**REQUIRED WORK:** From the records below, please repeat exactly the line that has "TRACT 61 Hays Mill Rd, Elkmont, AL 35620", the line that has "Nine Lives (2016", and every line between them, and nothing else.

**RECORD EXCERPTS:**
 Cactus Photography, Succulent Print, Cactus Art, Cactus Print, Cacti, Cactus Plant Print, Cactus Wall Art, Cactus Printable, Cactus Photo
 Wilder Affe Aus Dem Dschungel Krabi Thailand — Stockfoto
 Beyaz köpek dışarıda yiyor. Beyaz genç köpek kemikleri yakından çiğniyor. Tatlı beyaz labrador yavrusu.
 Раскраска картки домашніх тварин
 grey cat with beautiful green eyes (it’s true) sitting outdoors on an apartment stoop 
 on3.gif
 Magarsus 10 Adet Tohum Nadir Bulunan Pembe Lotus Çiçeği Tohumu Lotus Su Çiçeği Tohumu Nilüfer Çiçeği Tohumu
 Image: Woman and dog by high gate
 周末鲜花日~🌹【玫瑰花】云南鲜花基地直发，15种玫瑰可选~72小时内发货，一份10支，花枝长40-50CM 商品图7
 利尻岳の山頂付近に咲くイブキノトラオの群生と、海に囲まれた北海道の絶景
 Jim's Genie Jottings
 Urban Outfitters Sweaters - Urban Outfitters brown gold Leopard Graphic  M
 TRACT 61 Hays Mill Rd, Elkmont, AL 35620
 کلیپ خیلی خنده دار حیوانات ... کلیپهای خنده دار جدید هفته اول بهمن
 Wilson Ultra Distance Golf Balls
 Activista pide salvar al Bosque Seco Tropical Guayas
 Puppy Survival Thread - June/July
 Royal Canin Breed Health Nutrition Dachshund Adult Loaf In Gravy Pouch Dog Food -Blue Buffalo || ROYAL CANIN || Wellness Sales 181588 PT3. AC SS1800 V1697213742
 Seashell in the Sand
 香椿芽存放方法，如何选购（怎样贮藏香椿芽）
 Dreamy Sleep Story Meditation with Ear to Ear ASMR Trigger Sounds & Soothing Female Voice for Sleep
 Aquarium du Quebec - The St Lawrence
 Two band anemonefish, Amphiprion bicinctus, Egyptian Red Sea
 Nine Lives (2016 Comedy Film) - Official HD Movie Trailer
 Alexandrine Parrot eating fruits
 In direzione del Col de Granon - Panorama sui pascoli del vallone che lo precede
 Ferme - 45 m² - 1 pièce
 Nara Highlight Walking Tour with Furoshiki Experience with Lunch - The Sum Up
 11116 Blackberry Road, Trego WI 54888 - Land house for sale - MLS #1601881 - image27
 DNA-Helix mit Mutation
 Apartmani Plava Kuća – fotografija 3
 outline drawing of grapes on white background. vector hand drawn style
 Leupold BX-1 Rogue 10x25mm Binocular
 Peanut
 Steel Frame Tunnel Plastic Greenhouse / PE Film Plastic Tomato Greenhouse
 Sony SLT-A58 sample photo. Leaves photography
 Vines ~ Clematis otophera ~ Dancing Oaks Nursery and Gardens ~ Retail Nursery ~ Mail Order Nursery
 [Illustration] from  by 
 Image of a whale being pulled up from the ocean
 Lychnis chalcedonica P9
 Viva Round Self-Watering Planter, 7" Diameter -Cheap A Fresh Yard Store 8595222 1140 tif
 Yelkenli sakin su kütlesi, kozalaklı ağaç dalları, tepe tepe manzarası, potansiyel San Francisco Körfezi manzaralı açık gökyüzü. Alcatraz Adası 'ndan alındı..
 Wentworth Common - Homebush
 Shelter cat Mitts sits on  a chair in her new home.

**EXERCISE RESULT:**
 TRACT 61 Hays Mill Rd, Elkmont, AL 35620
 کلیپ خیلی خنده دار حیوانات ... کلیپهای خنده دار جدید هفته اول بهمن
 Wilson Ultra Distance Golf Balls
 Activista pide salvar al Bosque Seco Tropical Guayas
 Puppy Survival Thread - June/July
 Royal Canin Breed Health Nutrition Dachshund Adult Loaf In Gravy Pouch Dog Food -Blue Buffalo || ROYAL CANIN || Wellness Sales 181588 PT3. AC SS1800 V1697213742
 Seashell in the Sand
 香椿芽存放方法，如何选购（怎样贮藏香椿芽）
 Dreamy Sleep Story Meditation with Ear to Ear ASMR Trigger Sounds & Soothing Female Voice for Sleep
 Aquarium du Quebec - The St Lawrence
 Two band anemonefish, Amphiprion bicinctus, Egyptian Red Sea
 Nine Lives (2016 Comedy Film) - Official HD Movie Trailer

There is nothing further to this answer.